**EXERCISE DESCRIPTION**
Would it be possible to output exactly, and only, the lines below from the one holding "VSX Multicolor Sports" to the last line, both included, with every picture left out?

**DATA FOR THIS EXERCISE**
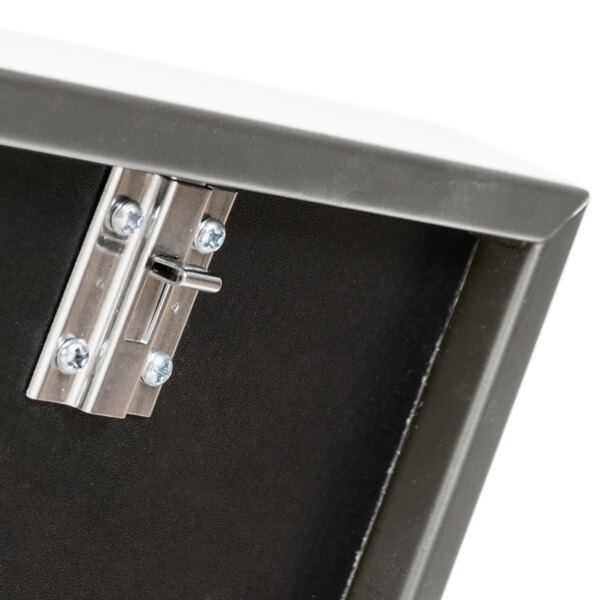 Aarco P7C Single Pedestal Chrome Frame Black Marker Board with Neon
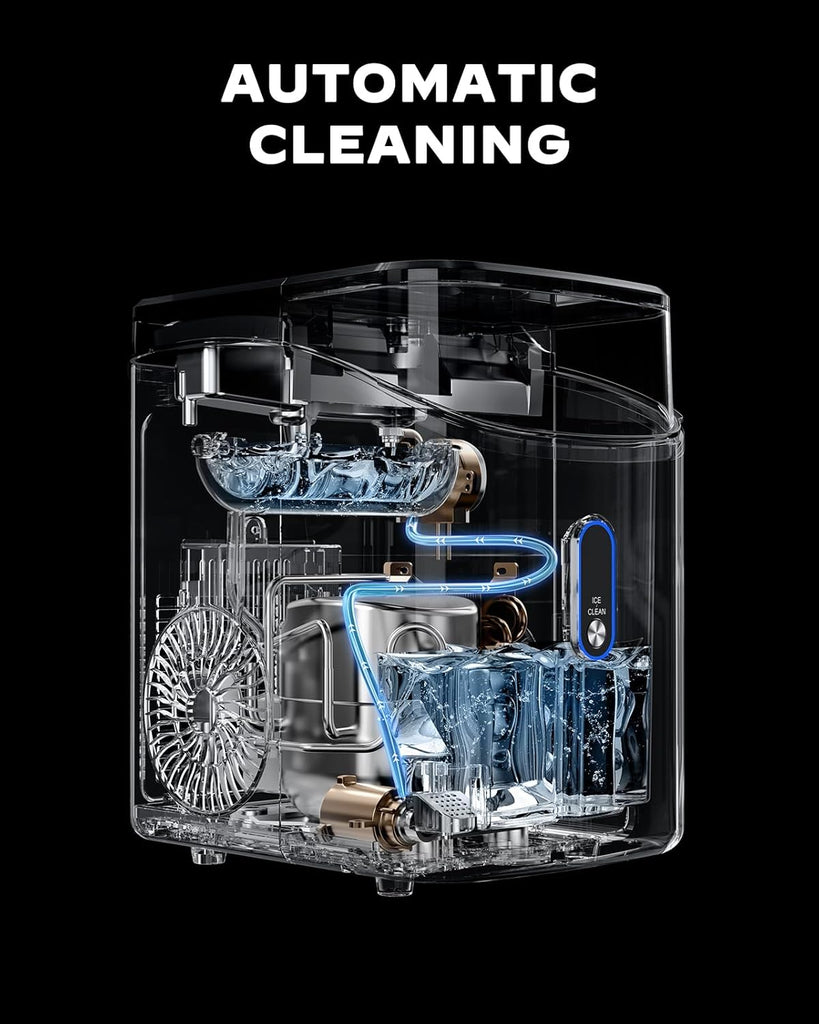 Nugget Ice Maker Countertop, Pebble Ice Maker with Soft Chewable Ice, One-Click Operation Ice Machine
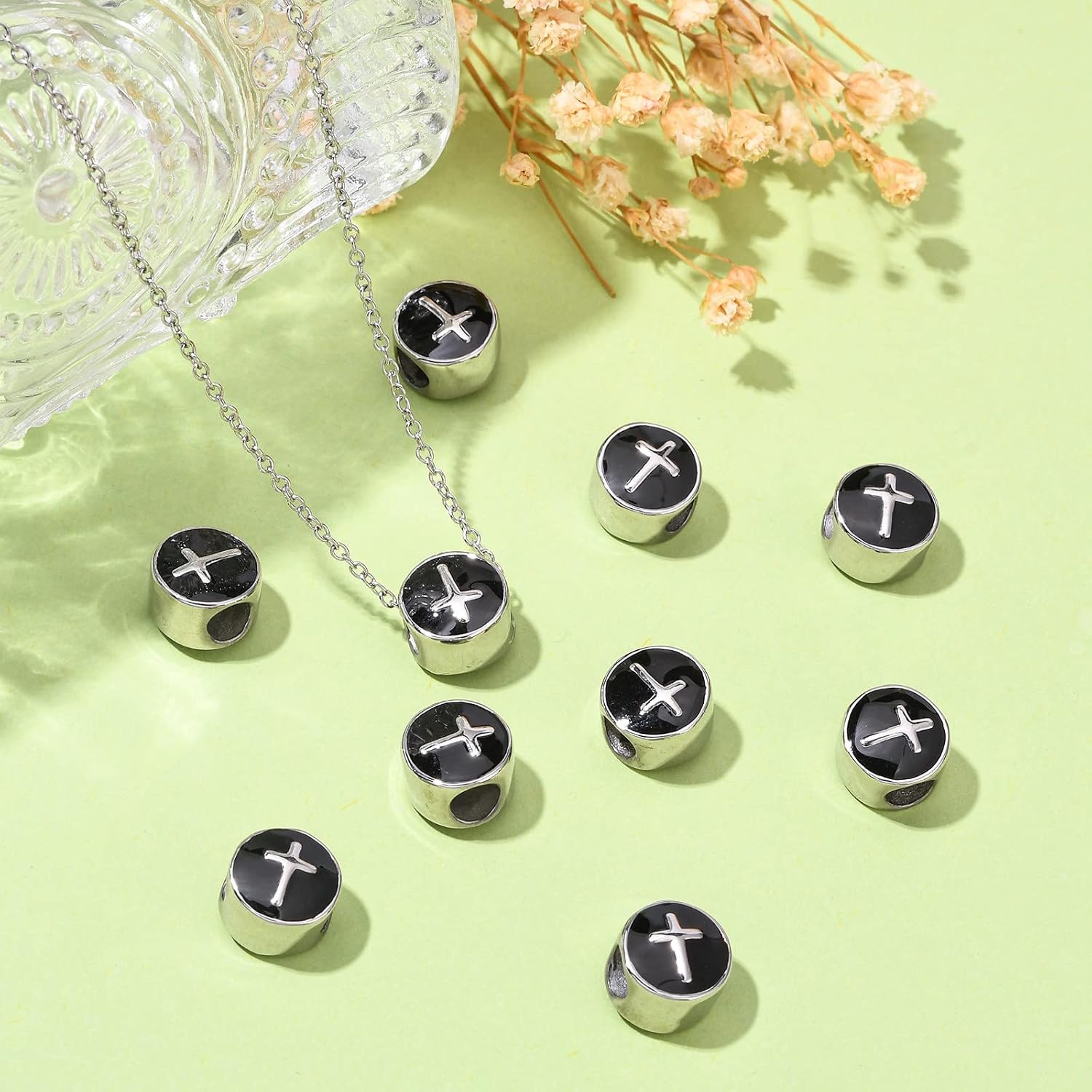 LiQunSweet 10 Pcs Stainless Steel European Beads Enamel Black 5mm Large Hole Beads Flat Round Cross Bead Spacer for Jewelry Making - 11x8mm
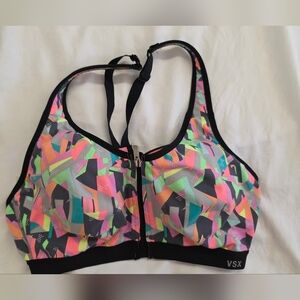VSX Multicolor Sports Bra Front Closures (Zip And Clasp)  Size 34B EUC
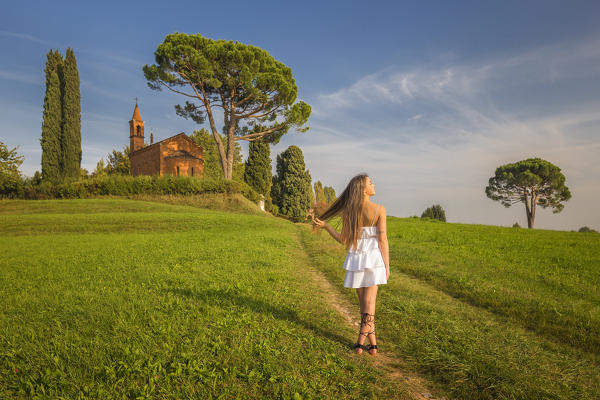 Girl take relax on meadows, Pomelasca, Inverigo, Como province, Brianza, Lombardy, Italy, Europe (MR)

**TASK ANSWER**
VSX Multicolor Sports Bra Front Closures (Zip And Clasp)  Size 34B EUC
 Girl take relax on meadows, Pomelasca, Inverigo, Como province, Brianza, Lombardy, Italy, Europe (MR)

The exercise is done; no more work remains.